* [TO DO]
In your copy, reproduce the entries exactly as they are, minus the images.
[TASK MATERIAL Boundary: Start]
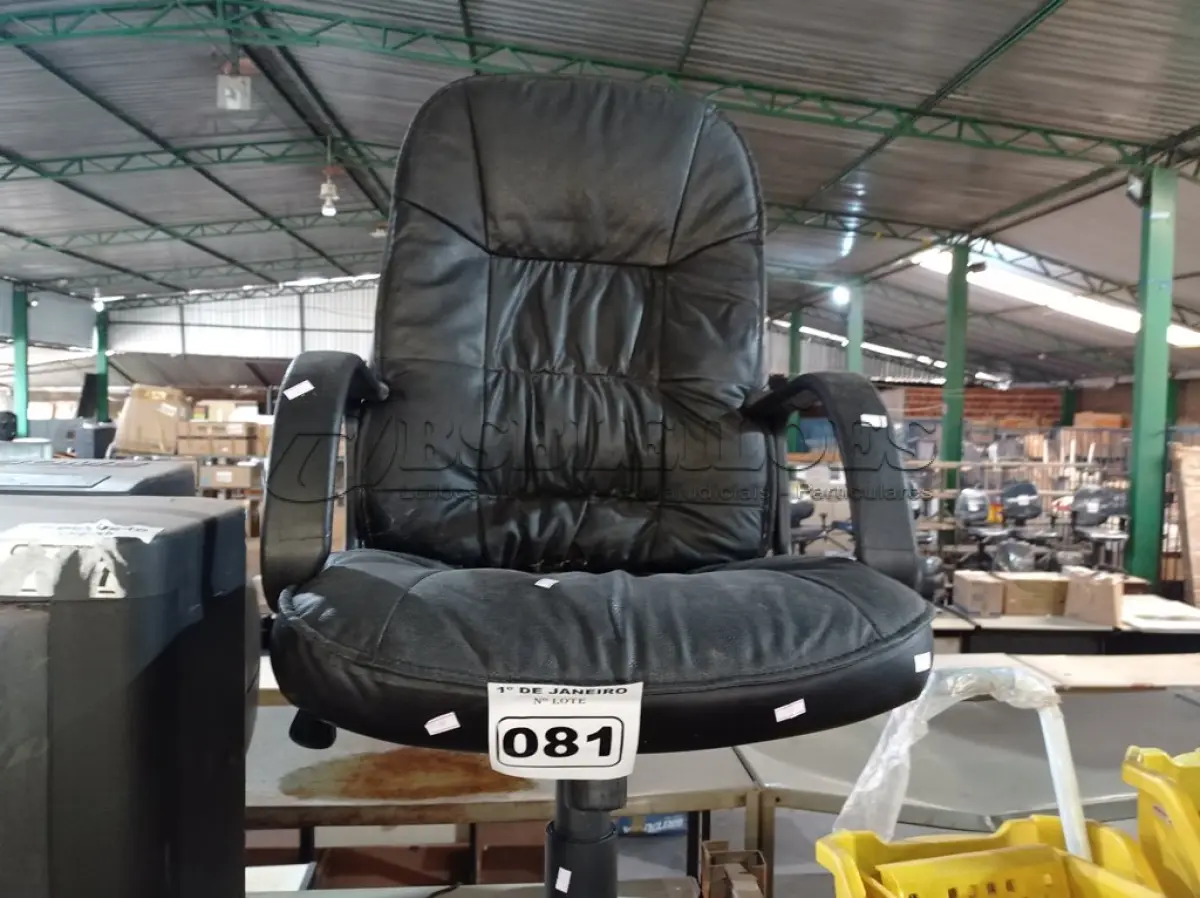LOTE 081 - 01 CADEIRA DE ESCRITÓRIO COM BASE GIRATÓRIA. (NO ESTADO) ATENÇÃO! FAZER A VISITAÇÃO ANTES DE ARREMATAR, NÃO SABEMOS SE FUNCIONA. LEILÃO NÃO TEM GARANTIA E NEM DEVOLUÇÃO, SUJEITO A POSSÍVEIS AVARIAS VISÍVEIS/OCULTAS E/OU AUSÊNCIA DE COMPONENTES.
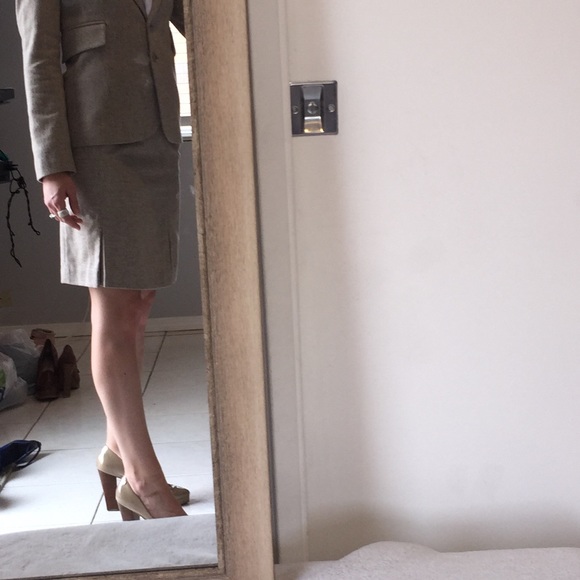 Banana Republic Business Skirt Suit Tan - Picture 4 of 6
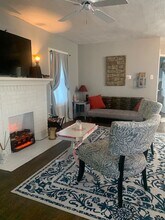 6638 Broadmoor Rd in Kansas City, MO - Building Photo - Building Photo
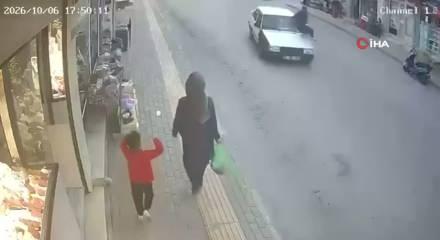 Bursa&rsquo;da yanlayan aracın &ccedil;arptığı yaya istifini bozmadı: Hi&ccedil;bir şey olmamış gibi y&uuml;r&uuml;d&uuml;!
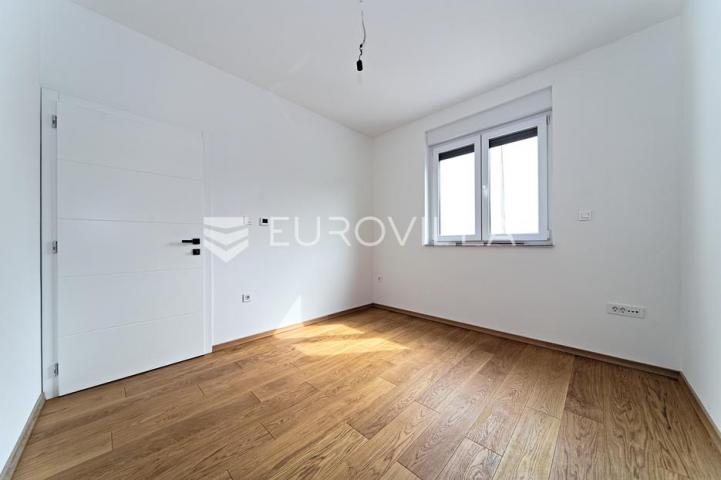 Osijek, Retfala, završen četverosoban stan sa dvorištem od 50 m²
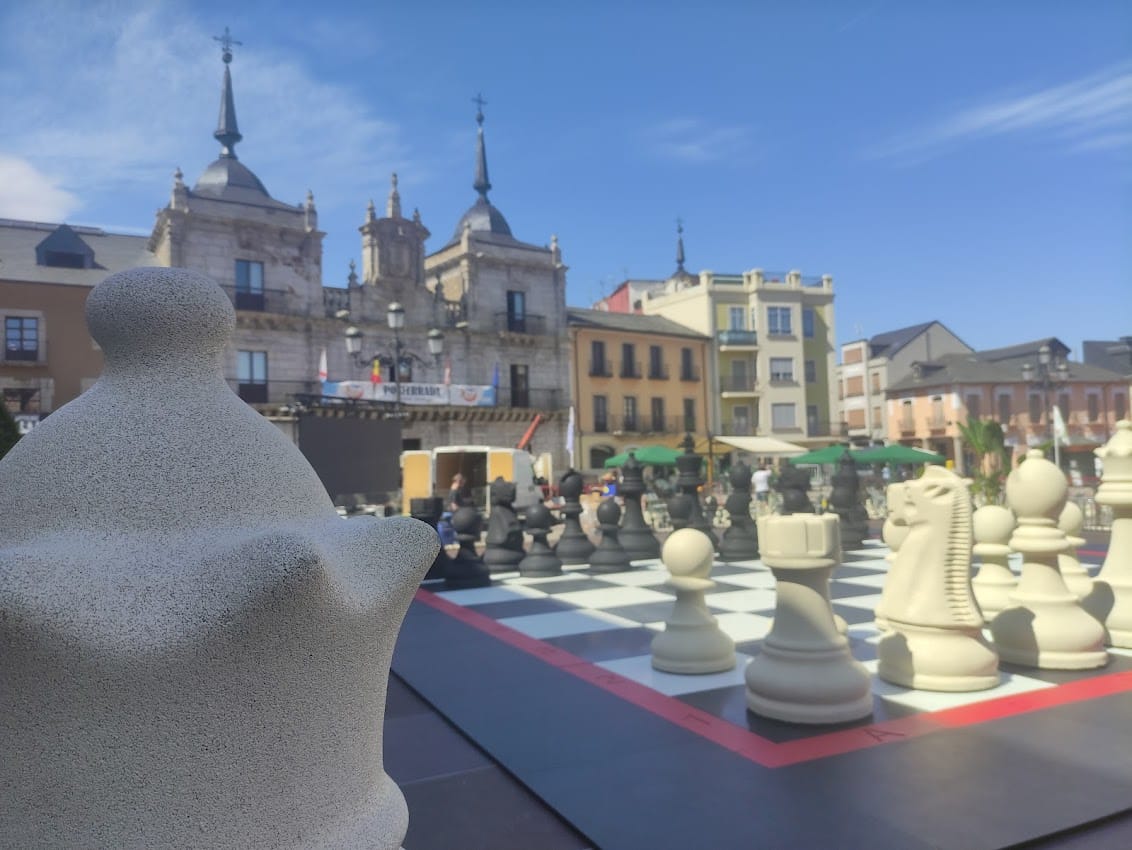 Vuelve el ajedrez más grande del mundo a Ponferrada en la competición Pequeños Gigantes 1
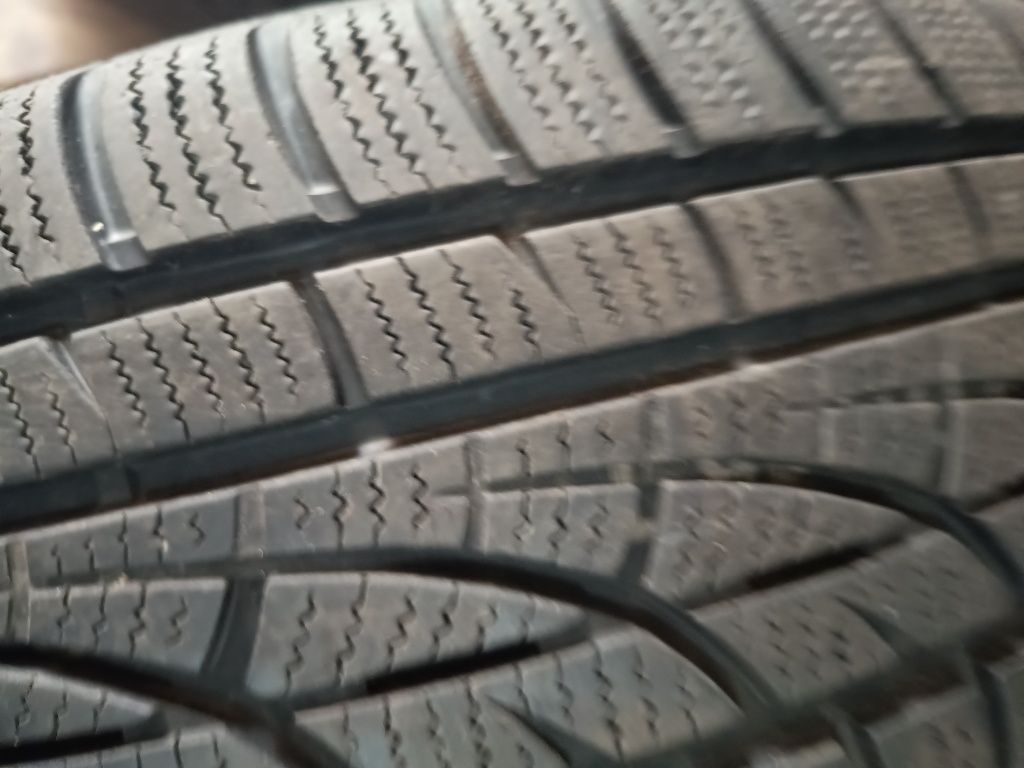 Opony zimowe 215/70/16 2szt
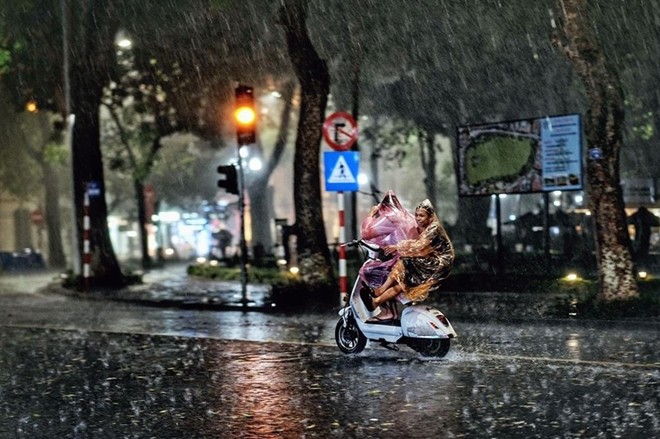 Hà Nội ngày nắng, chiều tối và đêm có mưa rào và dông rải rác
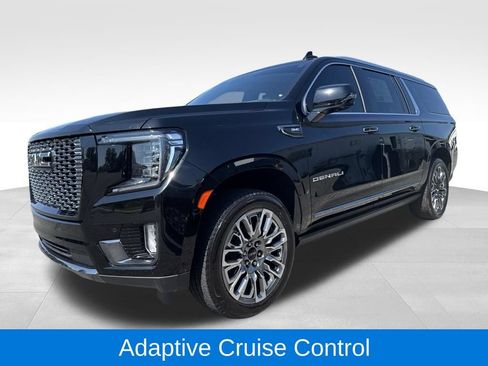 Used 2023 GMC Yukon XL Denali Ultimate AWD/4WD image 5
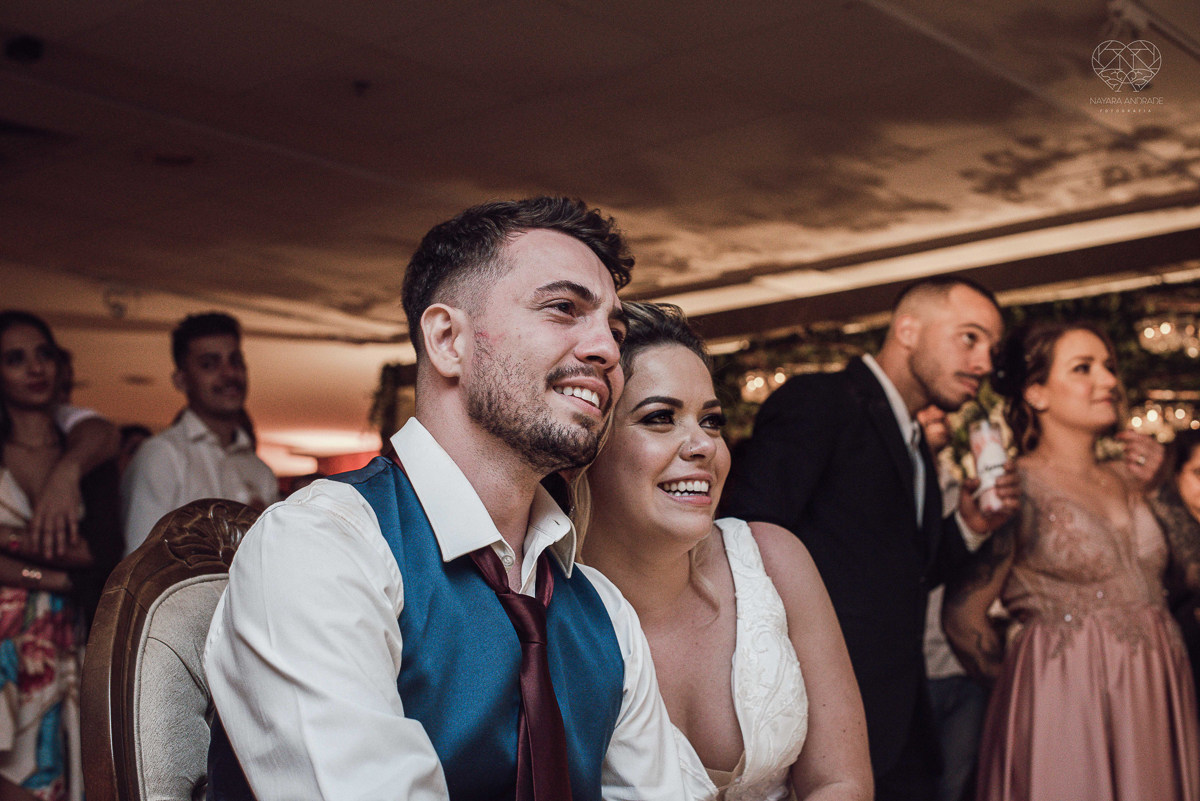 casamento classico emsantos com noivo de terno azul e noiva princesa fotos da fotografa premiada Nayara Andrade no coraçao de maria em santos igreja e festa no Sirio Libanes wedding centro de santos sao paulo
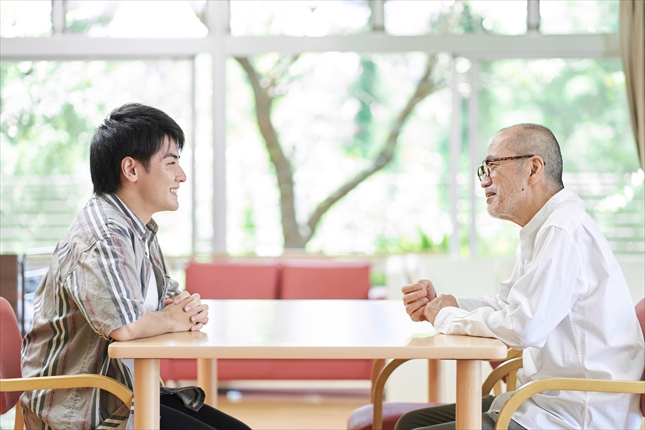 話し合う親子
[TASK MATERIAL Boundary: End]
* [RESPONSE TO THIS EXERCISE]
LOTE 081 - 01 CADEIRA DE ESCRITÓRIO COM BASE GIRATÓRIA. (NO ESTADO) ATENÇÃO! FAZER A VISITAÇÃO ANTES DE ARREMATAR, NÃO SABEMOS SE FUNCIONA. LEILÃO NÃO TEM GARANTIA E NEM DEVOLUÇÃO, SUJEITO A POSSÍVEIS AVARIAS VISÍVEIS/OCULTAS E/OU AUSÊNCIA DE COMPONENTES.
 Banana Republic Business Skirt Suit Tan - Picture 4 of 6
 6638 Broadmoor Rd in Kansas City, MO - Building Photo - Building Photo
 Bursa&rsquo;da yanlayan aracın &ccedil;arptığı yaya istifini bozmadı: Hi&ccedil;bir şey olmamış gibi y&uuml;r&uuml;d&uuml;!
 Osijek, Retfala, završen četverosoban stan sa dvorištem od 50 m²
 Vuelve el ajedrez más grande del mundo a Ponferrada en la competición Pequeños Gigantes 1
 Opony zimowe 215/70/16 2szt
 Hà Nội ngày nắng, chiều tối và đêm có mưa rào và dông rải rác
 Used 2023 GMC Yukon XL Denali Ultimate AWD/4WD image 5
 casamento classico emsantos com noivo de terno azul e noiva princesa fotos da fotografa premiada Nayara Andrade no coraçao de maria em santos igreja e festa no Sirio Libanes wedding centro de santos sao paulo
 話し合う親子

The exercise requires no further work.